Nigeria’s exports to South Korea rises 91% in nine months

Diversification of Nigeria’s productive sector and broad basing of the revenue base is a policy imperative. We are currently at a crossroads in terms of revenues on the one hand and veritable foreign exchange receipts on the other. This requires a pragmatic multi-agency approach in-country and the collaboration of all stakeholders and support of Nigeria’s International development partners.

Priorities

The agro-allied sector should be given a priority. Millions of Nigerians depend on agriculture for their livelihood. Further development of cash crops for exports (e.g. Cocoa, cashew, sesame, ginger, cassava,soya), industrial linkages for agricultural products (e.g.cotton-textiles and leather) and development of the food processing industry. Development of the agro-allied value chains will boost value addition and generate employment, grow exports and conserve foreign exchange through import substitution. Above all boosting local production will to an extent contain inflation. We need to wean ourselves from sourcing the inputs for these industries from abroad by ensuring that we produce locally and at scale.

Realization of the above priorities needs further investment from the private sector. Therefore, attracting investment -both local and foreign direct investment FDI- should be of utmost priority. But as a precursor to this happening, the Government must provide an enabling environment in terms of stimulus for Domestic direct investment (DDI) from which Foreign Direct Investment (FDI) will take a cue.

This brief description and random thoughts of mine will focus on short term interventions that are required between 2023-2025:

1. Ease of doing business

First and foremost, the government needs to address the constraints faced by the private sector. Unlocking the productive potential for existing industries is a low hanging fruit.
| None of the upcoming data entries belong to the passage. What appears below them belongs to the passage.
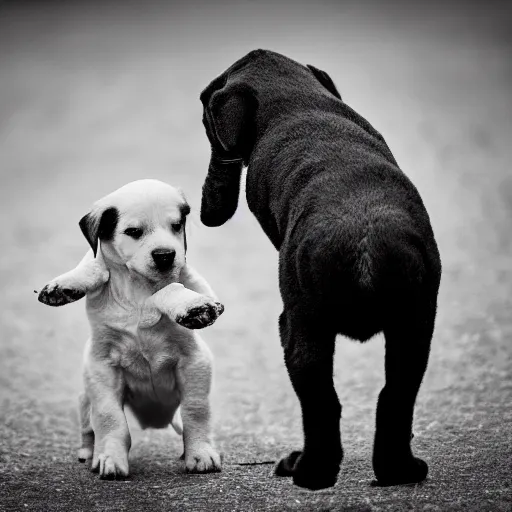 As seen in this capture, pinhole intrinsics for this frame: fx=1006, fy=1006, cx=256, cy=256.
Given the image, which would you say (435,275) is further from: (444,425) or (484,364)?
(484,364)

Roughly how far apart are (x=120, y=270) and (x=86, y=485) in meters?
1.16

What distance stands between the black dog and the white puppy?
2.37 feet

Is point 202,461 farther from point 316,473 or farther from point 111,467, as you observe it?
point 316,473

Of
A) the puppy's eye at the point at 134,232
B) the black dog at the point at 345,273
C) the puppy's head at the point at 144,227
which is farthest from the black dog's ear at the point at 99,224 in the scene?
the black dog at the point at 345,273

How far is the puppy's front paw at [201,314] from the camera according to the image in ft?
15.6

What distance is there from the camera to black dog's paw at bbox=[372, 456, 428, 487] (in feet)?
14.3

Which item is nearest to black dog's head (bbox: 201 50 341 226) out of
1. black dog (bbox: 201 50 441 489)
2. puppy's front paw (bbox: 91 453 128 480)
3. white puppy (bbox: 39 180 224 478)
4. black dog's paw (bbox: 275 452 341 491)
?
white puppy (bbox: 39 180 224 478)

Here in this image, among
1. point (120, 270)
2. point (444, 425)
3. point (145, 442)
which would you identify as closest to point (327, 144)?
point (120, 270)

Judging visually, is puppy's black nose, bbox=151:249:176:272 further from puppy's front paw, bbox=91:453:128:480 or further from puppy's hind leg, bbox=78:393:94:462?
puppy's hind leg, bbox=78:393:94:462

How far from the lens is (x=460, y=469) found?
5027 millimetres

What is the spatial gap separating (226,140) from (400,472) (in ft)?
6.30

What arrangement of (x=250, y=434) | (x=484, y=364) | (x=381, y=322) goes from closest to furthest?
1. (x=381, y=322)
2. (x=250, y=434)
3. (x=484, y=364)

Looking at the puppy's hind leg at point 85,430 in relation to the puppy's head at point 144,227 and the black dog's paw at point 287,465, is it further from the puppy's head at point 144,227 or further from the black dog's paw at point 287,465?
the black dog's paw at point 287,465

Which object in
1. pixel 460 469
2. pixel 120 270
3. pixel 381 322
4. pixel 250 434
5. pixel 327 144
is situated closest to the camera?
pixel 381 322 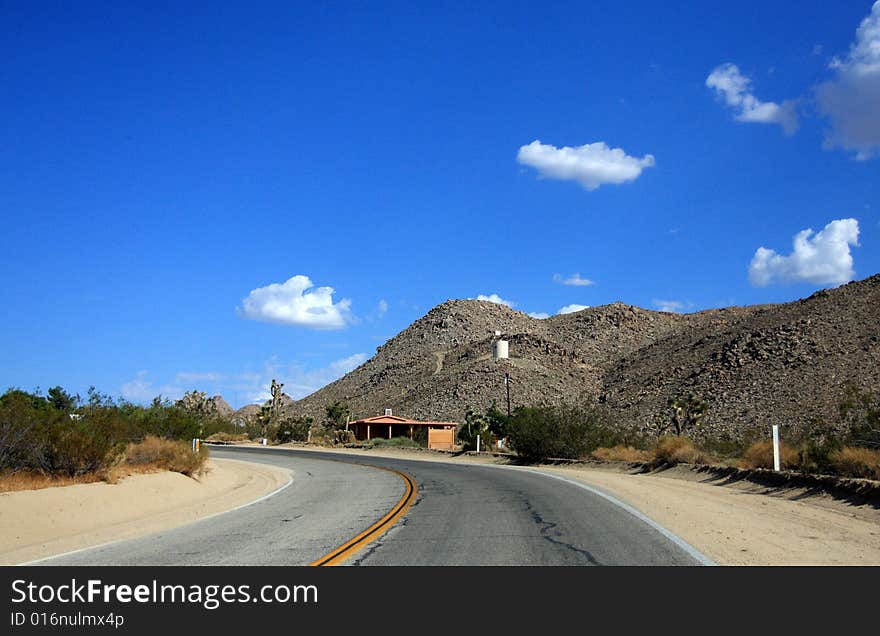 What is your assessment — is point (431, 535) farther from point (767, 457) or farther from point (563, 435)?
point (563, 435)

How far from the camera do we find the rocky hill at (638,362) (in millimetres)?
63125

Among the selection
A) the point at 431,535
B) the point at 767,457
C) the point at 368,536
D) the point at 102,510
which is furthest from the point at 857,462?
the point at 102,510

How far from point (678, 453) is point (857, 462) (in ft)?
34.4

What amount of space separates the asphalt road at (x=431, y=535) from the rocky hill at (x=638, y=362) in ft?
70.9

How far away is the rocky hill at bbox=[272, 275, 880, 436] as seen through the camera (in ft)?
207

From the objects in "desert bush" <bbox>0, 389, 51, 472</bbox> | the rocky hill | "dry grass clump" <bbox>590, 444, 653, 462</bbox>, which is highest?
the rocky hill

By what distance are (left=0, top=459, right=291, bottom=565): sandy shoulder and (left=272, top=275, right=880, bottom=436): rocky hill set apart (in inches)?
1016

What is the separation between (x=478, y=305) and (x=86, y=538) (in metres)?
139

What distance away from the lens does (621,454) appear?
35.0 meters

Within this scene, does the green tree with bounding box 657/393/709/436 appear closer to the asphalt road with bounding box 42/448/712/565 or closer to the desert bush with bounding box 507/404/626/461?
the desert bush with bounding box 507/404/626/461

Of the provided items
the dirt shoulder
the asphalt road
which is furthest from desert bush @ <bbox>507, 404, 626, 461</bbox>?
the asphalt road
The Nigerian enterprises, especially the formal sector, face acute operational challenges in terms of multiple taxation, port congestion and arbitrary interference in the area of frivolous taxes by government authorities at three levels; Federal, Sub-nationals and Local government level.

An intervention from the top leadership will send a clear signal to investors and restore confidence.

2. Infrastructure

Adequate supply of power is a prerequisite for manufacturing. Government should complete the gas pipeline to Kano as a case in point to improve energy supply to the north. Infrastructure at the ports logistics needs investment to remove bottlenecks. We have been on this for a while now and hopefully the Nigerian Ports Authority and the entire Marine and Blue economy ecosystem will up the ante. We cannot be globally competitive with these constraints.

It will take time to improve overall infrastructure but we must strive to be effective and efficient. Special Economic Zones (SEZ) on a Public Private Partnership (PPP) basis should be developed to provide efficient infrastructure at a limited scale to attract investment. Government cannot fund SEZs alone for now but should enable proper legislation to encourage investors with a proven track record and facilitate the set-up process.

3. Industrial policy

The extant Industrial Policy should be revisited to make it relevant in the modern context. The incentives to attract investment in the agro-allied sectors should be enhanced and must be transparent. The Export Expansion Grant (EEG), an incentive for Agro- allied exporters should be revived to make our products more competitive. As a first step all outstanding payments and obligations should be settled between a one to two year time frame. As you might be aware, there are linkages between Agriculture and Industry as a lot of raw inputs have value adds and are processed in manufacturing facilities thus boosting trade.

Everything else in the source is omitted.